Am 06.11.2019 um 22:28 schrieb Sage Weil:
> My current working theory is that the mgr is getting hung up when it tries 
> to scrape the device metrics from the mon.  The 'tell' mechanism used to  
> send mon-targetted commands is pretty kludgey/broken in nautilus and 
> earlier.  It's been rewritten for octopus, but isn't worth backporting--it 
> never really caused problems until the devicemanager started using it     
> heavily.
>
> In any case, this PR just disables scraping of mon devices for nautilus:
>
>         https://github.com/ceph/ceph/pull/31446
>
> There is a build queued at
>
>         
> https://shaman.ceph.com/repos/ceph/wip-no-scrape-mons-nautilus/d592e56e$
>
> which should get packages in 1-2 hours.
>
> Perhaps you can install that package on the mgr host and try again to 
> reproduce it again?
>
> I noticed a few other oddities in the logs while looking through them, 
> like
>
> 	https://tracker.ceph.com/issues/42666
>
> which will hopefully have a fix ready for 14.2.5.  I'm not sure about that 
> auth error message, though!
>
> sage
>
>
> On Sat, 2 Nov 2019, Oliver Freyermuth wrote:
>
>> Dear Sage,
>>
>> good news - it happened again, with debug logs! 

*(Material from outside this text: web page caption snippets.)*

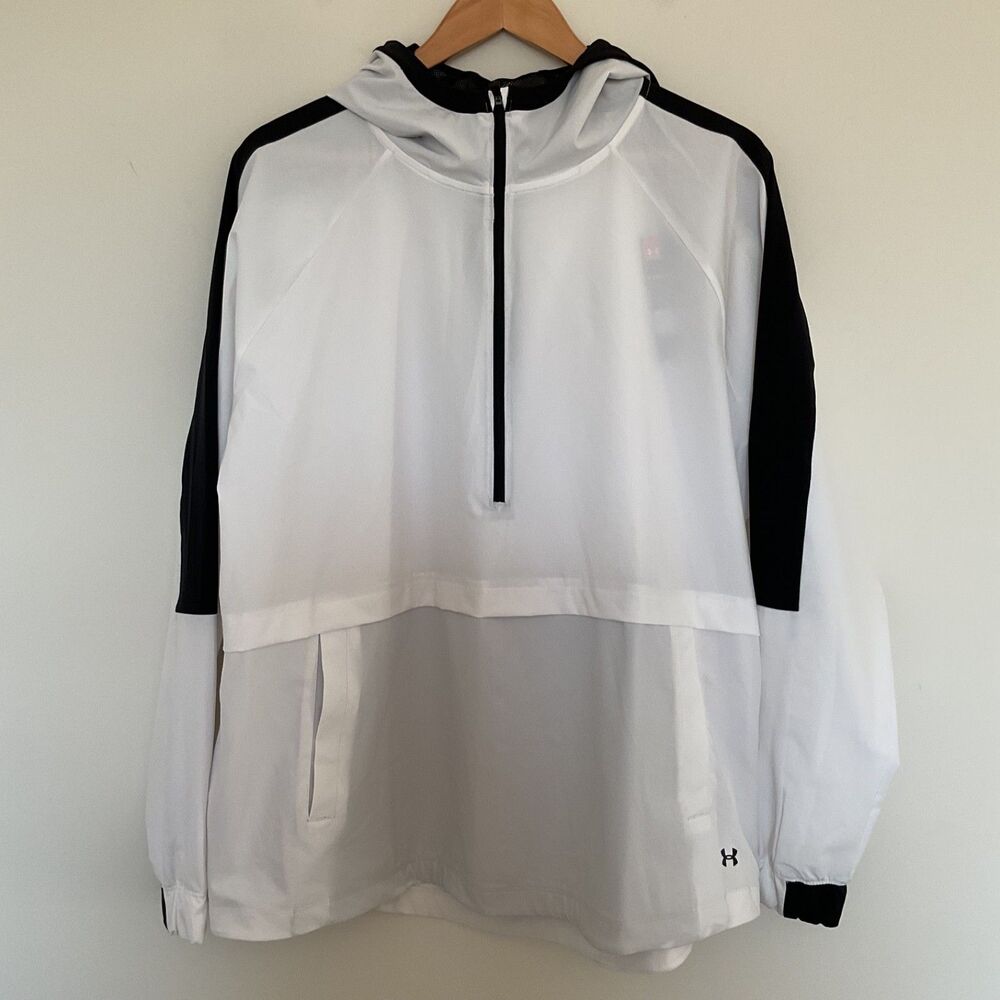 Under Armour Women's Storm Woven Anorak Top Jacket XL White Stretch Repels Water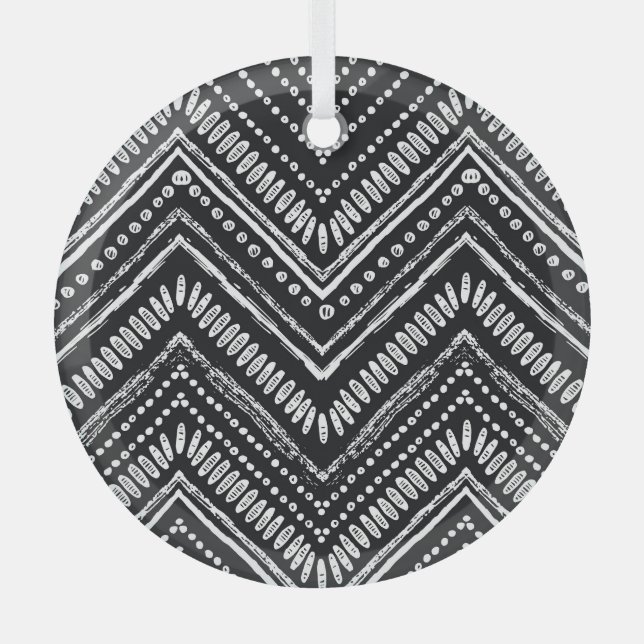 Zigzag Stripes: Hand Drawn Ethnic Glass Tree Decoration (Front)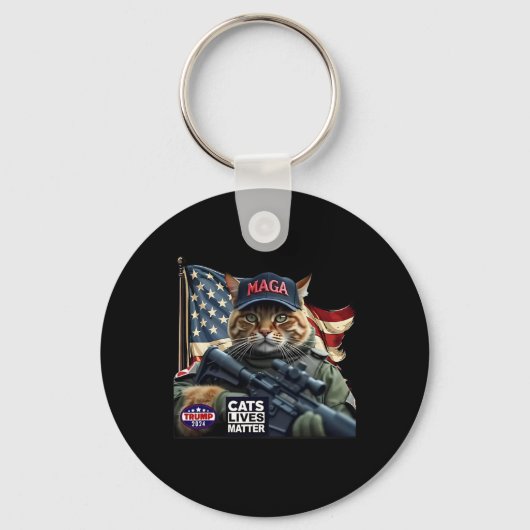 トランプ2024猫生命問題 キーホルダー (正面)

>> There's nothing obvious to my eye, it's uploaded as:
>> 0b2d0c09-46f3-4126-aa27-e2d2e8572741
>> It seems the failure was roughly in parallel to me wanting to access the dashboard. It must have happened within the last ~5-10 minutes of the log. 
>>
>> I'll now go back to "stable operation", in case you need anything else, just let me know. 
>>
>> Cheers and all the best,
>> 	Oliver
>>
>> Am 02.11.19 um 17:38 schrieb Oliver Freyermuth:
>>> Dear Sage,
>>>
>>> at least for the simple case:
>>>  ceph device get-health-metrics osd.11
>>> => mgr crashes (but in that case, it crashes fully, i.e. the process is gone)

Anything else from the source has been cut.